[BRIEF] Of all the entries below, retype only the lines from the one with "Used 2022 Toyota" through the one with "201 Mockingbird Way Franklin VT 05457", exactly as they appear.

[SOURCE MATERIAL]
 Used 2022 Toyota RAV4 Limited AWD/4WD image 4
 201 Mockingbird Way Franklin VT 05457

...

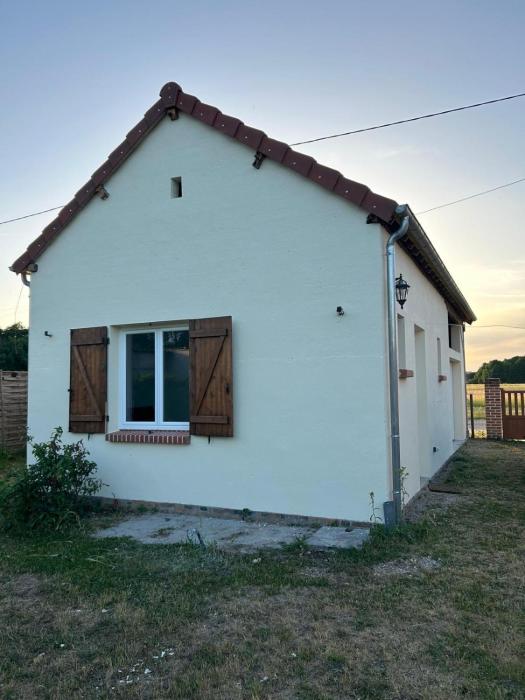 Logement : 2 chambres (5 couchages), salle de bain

[TASK ANSWER]
 Used 2022 Toyota RAV4 Limited AWD/4WD image 4
 201 Mockingbird Way Franklin VT 05457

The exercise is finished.